Solving this problem was beyond the capacity of a group of relatively small debt services companies. But, as it turns out, it was perfect for the skill set of students and faculty in the IT Management program. To grossly simplify the students’ 274-page final report, the solution involved designing an automated tool for ingesting, analyzing, and converting the data format, one that would maximize the use of machine learning and artificial intelligence and reserve human brainpower for those tasks that were beyond the computer’s ability. 

A Critical Exercise 

It all began with a process that might seem simple on its face, but is almost always a lot harder than it looks, said Firestone, the Georgetown faculty member. An engineer, or anyone, really, can often confuse a solution with the problem itself.
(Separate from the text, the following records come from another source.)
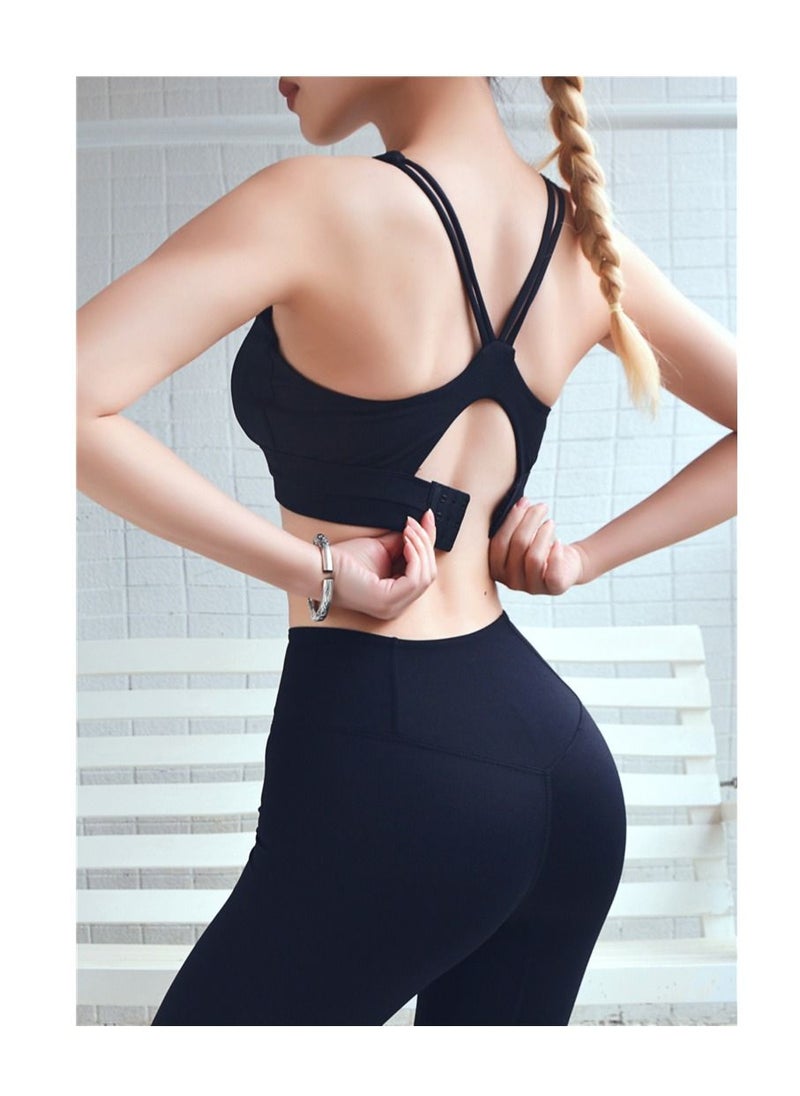 Loquat Ladies Sports Bra  - Image 2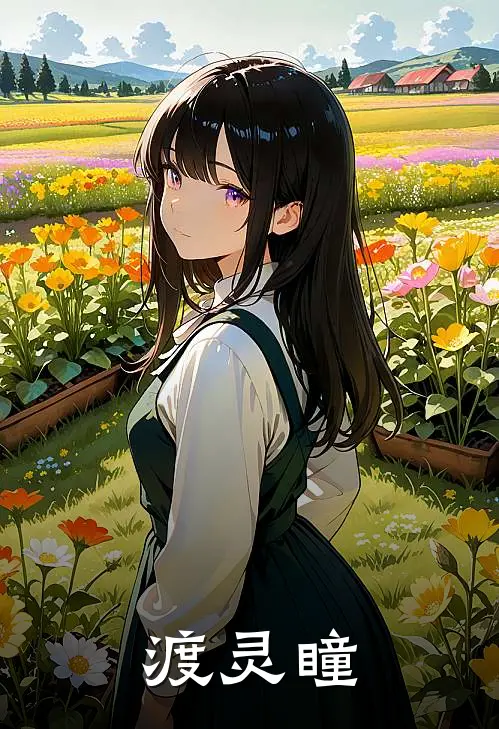 林晚李雪《渡灵瞳》全本免费在线阅读_(林晚李雪)最新章节在线阅读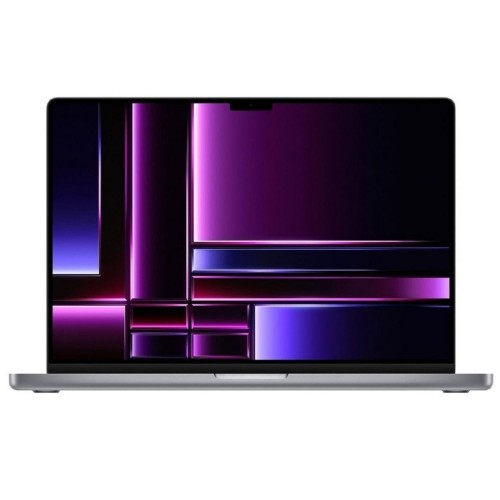 Apple MacBook Pro 2023 16.2in M2 Pro 16GB 500GB - Silver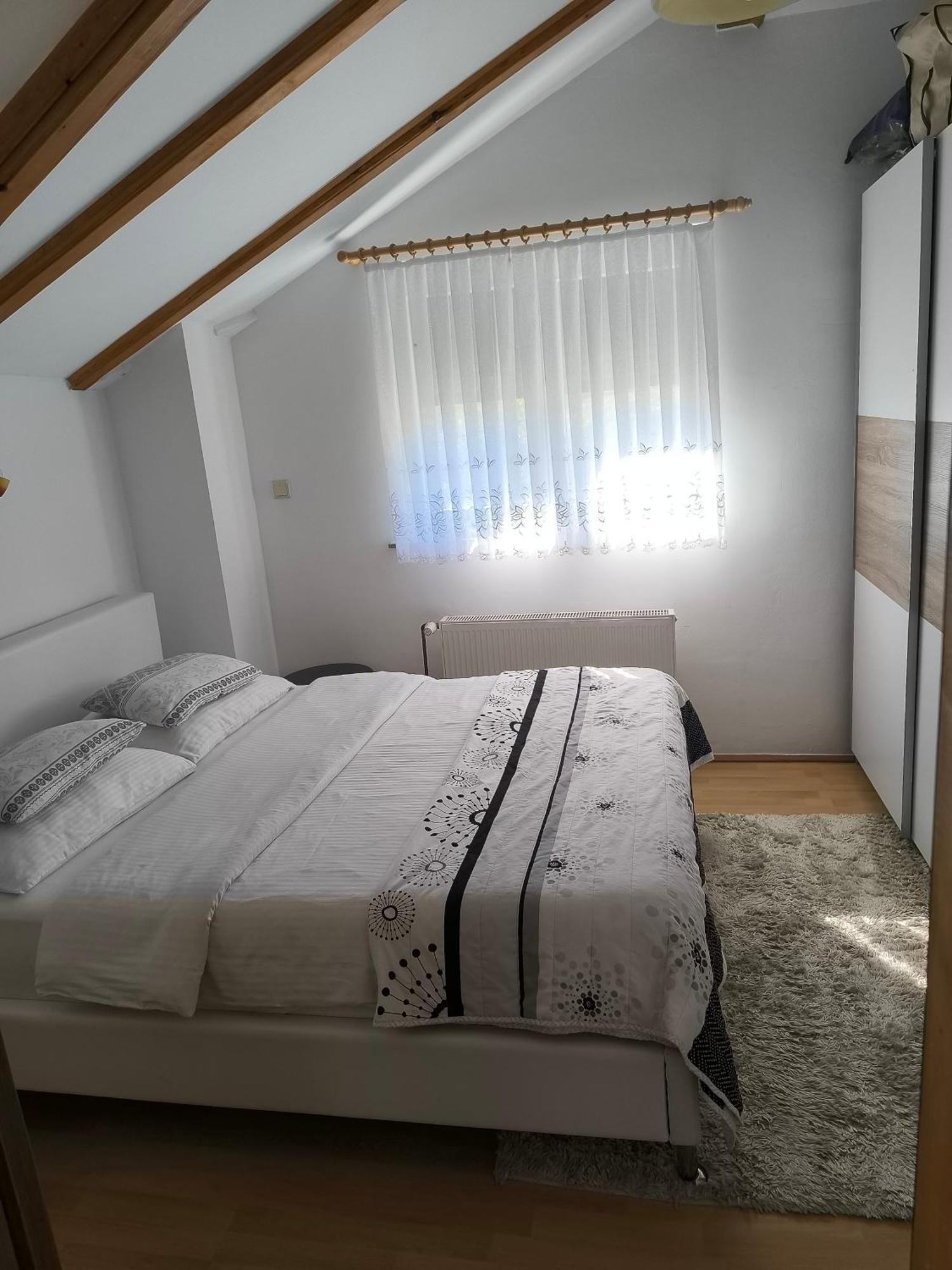 Apartman Lara Krapina Bagian luar foto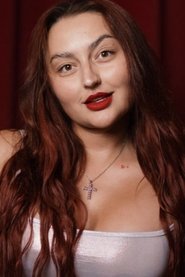 Dovilė Rimkevičiūtė portrait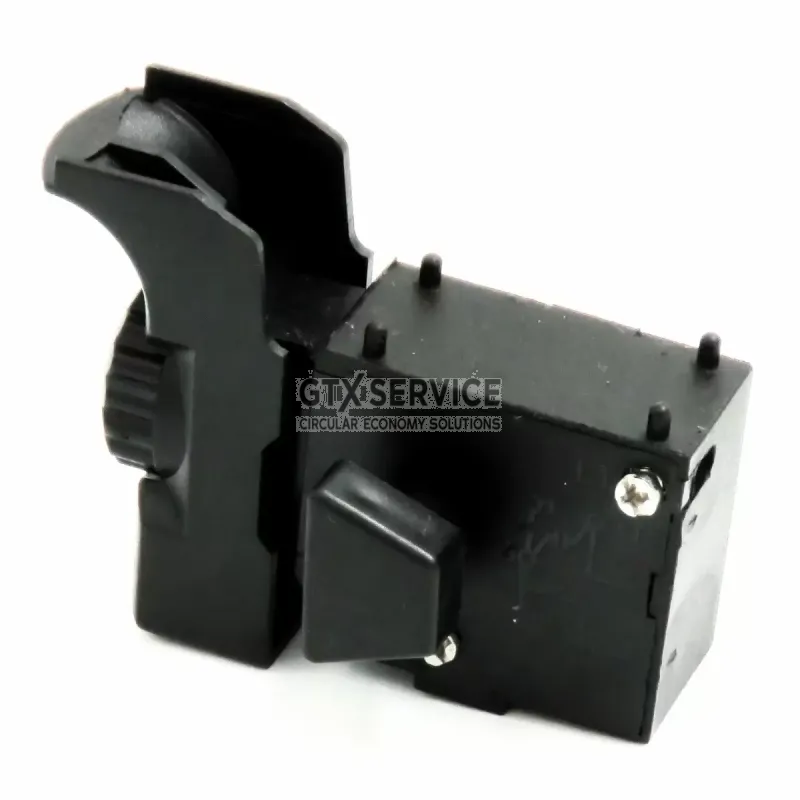 Włącznik do Pilarka szablowa - GRAPHITE 58G961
When a problem is complex, like those that the students took on and that technologists and engineers typically face, defining it correctly is absolutely essential.

“Anytime I see a system failure, the first question that runs through my mind is: What problem did they think they were solving?” Firestone said. “And if you haven’t really gotten to the point where you understand what problem you’re actually solving, the odds of you getting the right solution are greatly reduced.”

If that explanation isn’t convincing enough, Firestone offers this quote from Albert Einstein: 

“If I had an hour to solve a problem, I’d spend 55 minutes thinking about the problem and five minutes thinking about the solutions.”